Nella Repubblica Popolare Cinese, come ogni anno, ‘Lianghui’, le ‘due sessioni’: Conferenza consultiva del popolo cinese e l’Assemblea nazionale del popolo. In questi giorni a Pechino, nella Grande sala del popolo, 3000 dirigenti del Partito comunista e circa 2000 tecnocrati, intellettuali e imprenditori.
Per quanto importante per capire ciò che bolle in pentola nel grande Paese asiatico, il Lianghui ha solo potere consultivo, poiché è chiamato soltanto a ratificare decisioni e linee strategiche già varate dai vertici del Partito, e in particolare dal Politburo. Dopo il trionfo di Xi Jinping nell’ultimo congresso, si è accentuata la prevalenza dell’ideologia su ogni altro aspetto della vita politica e sociale.
In realtà i due organismi riflettono il totale dominio che il Partito comunista esercita sulla società del grande Paese asiatico. Dominio che non è mai venuto meno, neanche dopo le riforme economiche introdotte da Deng Xiaoping a partire dai tardi anni ’70 del secolo scorso. Quest’anno, tuttavia, lo scenario è diverso rispetto al passato.

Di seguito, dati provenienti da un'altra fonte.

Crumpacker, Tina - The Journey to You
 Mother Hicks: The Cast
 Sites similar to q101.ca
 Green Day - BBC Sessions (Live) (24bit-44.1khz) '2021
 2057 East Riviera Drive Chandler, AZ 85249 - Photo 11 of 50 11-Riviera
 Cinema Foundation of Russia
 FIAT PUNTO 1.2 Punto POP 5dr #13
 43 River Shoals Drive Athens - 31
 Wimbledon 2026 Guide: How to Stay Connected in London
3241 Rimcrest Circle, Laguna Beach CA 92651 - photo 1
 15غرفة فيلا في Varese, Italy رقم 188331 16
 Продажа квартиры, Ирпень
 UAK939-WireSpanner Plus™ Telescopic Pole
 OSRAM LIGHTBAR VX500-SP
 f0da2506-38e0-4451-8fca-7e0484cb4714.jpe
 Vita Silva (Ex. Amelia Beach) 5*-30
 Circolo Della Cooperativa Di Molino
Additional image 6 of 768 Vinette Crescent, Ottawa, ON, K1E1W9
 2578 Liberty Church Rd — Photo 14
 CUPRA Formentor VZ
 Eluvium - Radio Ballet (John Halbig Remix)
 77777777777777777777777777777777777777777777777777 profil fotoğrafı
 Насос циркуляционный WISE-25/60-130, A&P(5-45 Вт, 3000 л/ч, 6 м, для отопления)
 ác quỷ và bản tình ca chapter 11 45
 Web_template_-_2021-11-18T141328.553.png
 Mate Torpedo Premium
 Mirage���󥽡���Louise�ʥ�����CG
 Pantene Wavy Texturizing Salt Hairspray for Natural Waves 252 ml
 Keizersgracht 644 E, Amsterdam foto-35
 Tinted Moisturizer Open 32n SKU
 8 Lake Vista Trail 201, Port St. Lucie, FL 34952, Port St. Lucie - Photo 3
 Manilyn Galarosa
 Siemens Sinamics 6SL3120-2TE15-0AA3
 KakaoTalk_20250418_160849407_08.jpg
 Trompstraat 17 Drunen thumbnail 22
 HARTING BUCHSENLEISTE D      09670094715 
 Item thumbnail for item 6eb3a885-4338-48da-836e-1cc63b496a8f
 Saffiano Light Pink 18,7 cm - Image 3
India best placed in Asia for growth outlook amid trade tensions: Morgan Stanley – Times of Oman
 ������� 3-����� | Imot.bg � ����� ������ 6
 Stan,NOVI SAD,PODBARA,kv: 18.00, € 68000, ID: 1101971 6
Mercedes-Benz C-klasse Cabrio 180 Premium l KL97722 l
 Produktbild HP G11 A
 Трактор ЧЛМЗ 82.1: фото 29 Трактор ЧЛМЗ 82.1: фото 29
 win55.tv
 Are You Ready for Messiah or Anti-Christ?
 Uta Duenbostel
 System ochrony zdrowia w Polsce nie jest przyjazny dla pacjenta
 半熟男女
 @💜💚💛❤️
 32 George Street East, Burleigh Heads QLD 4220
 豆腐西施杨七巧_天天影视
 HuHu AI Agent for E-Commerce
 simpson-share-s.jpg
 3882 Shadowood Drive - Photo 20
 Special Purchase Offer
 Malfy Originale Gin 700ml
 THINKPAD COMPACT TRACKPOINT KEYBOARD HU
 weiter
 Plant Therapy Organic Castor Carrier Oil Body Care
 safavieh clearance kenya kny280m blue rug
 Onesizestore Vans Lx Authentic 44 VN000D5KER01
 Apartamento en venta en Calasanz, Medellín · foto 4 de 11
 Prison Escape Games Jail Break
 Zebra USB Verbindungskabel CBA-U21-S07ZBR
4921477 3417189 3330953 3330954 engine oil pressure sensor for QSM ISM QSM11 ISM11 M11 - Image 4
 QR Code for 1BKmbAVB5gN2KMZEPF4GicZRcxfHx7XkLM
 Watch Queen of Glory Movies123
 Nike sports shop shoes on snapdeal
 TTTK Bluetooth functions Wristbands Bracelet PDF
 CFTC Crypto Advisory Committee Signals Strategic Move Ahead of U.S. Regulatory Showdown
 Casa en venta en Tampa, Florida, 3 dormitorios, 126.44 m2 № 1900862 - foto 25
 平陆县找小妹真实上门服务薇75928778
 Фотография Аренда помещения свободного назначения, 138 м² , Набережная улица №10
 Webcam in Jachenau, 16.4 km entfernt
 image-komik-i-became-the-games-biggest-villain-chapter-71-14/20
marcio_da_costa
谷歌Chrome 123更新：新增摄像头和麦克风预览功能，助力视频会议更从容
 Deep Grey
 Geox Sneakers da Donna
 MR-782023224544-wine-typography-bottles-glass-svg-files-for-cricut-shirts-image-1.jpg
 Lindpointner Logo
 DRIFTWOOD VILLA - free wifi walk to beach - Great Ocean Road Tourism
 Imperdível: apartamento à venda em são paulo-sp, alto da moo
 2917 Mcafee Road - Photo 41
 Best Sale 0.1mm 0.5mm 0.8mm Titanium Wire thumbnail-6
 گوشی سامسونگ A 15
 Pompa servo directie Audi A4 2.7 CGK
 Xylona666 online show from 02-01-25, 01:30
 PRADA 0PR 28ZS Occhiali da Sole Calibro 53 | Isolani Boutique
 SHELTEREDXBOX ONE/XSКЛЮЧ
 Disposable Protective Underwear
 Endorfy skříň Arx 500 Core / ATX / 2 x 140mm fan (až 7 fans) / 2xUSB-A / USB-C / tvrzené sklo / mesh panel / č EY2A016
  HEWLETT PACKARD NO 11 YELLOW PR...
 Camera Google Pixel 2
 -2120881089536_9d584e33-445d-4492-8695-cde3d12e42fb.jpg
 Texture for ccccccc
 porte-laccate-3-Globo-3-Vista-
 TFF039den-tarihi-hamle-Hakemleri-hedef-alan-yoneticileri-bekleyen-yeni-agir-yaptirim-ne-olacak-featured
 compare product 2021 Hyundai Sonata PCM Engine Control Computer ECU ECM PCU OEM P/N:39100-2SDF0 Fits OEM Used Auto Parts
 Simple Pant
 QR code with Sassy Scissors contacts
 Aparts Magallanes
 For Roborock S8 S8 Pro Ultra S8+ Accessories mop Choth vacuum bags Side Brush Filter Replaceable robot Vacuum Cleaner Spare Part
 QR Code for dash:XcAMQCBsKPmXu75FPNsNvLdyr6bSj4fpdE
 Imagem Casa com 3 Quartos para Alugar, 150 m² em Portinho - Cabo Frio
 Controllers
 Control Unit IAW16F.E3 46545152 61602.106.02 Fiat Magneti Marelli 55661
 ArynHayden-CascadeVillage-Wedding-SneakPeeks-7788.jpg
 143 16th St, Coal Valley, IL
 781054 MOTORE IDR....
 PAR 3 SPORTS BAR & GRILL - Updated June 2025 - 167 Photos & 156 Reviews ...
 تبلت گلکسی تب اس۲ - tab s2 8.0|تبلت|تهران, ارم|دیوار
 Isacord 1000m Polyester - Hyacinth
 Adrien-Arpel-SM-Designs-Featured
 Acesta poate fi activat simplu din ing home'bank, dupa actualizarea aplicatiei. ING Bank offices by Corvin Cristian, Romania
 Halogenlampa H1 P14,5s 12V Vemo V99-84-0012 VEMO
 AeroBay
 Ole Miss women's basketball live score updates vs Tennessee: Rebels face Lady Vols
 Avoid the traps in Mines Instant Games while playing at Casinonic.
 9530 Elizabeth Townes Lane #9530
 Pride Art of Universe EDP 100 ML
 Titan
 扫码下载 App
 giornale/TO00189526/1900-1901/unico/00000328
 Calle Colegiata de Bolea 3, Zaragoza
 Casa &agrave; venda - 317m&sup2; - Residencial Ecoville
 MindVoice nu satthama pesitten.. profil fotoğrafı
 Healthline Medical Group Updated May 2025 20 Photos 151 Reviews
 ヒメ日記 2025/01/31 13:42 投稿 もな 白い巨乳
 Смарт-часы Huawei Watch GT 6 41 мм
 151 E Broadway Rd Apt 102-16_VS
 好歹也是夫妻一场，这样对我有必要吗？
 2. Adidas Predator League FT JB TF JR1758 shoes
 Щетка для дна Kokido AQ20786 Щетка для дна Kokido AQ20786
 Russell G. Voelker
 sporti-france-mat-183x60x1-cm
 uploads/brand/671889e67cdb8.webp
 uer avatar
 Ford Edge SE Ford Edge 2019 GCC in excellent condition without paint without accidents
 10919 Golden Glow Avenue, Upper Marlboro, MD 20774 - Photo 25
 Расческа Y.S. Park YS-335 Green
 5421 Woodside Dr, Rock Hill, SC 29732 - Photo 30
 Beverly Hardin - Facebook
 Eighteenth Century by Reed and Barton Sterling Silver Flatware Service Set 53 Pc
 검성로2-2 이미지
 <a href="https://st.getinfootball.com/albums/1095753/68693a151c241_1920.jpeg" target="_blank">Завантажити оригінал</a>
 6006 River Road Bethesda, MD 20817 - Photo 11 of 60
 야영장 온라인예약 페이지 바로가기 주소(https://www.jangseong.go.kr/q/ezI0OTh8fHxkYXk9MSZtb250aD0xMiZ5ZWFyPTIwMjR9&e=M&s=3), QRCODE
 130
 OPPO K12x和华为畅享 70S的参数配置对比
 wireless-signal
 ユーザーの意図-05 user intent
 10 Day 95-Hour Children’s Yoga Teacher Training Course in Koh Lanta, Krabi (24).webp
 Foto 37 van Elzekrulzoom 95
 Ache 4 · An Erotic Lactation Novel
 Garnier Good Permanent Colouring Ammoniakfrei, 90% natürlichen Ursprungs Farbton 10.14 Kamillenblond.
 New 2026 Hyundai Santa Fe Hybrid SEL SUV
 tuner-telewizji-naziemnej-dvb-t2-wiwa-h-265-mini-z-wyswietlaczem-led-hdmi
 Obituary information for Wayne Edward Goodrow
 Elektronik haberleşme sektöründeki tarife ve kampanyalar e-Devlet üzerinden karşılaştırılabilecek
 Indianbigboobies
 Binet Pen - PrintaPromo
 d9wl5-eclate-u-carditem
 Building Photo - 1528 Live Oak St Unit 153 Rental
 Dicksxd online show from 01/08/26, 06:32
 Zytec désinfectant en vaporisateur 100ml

Gli investimenti stranieri sono calati a 33 miliardi di dollari, il livello più basso dal 1993, e molte aziende preferiscono investire in altre nazioni, in particolare in Vietnam e nell’India di Narendra Modi. Inoltre il Pil, che aveva conosciuto una crescita costante negli ultimi decenni, ora arranca ben dal 5% annuo fissato dal gruppo dirigente del Partito.
In realtà l’economia del Dragone è impegnata in una difficile transizione, che prevede il rafforzamento a lungo termine della domanda interna, e una minore dipendenza dall’export, settore sul quale la Cina ha costruito il suo successo sino a diventare la seconda potenza mondiale.
Si parla, per esempio, di “innovazione autoctona”, e della necessità di fabbricare prodotti – come le auto elettriche – ad alto valore aggiunto, destinati non solo all’esportazione ma anche al mercato interno. La transizione, ovviamente, è in pieno svolgimento e occorre del tempo per capire se avrà successo.
Restano piuttosto tesi i rapporti con gli Usa, anche sul piano commerciale. L’amministrazione Biden è riuscita a diminuire il deficit nei confronti della Repubblica Popolare, grazie a un calo significativo dell’importazione di prodotti ‘made in China’.
Da questo punto di vista, il Lianghui può certamente fornire indicazioni utili circa la strategia che Pechino intende adottare nel prossimo futuro.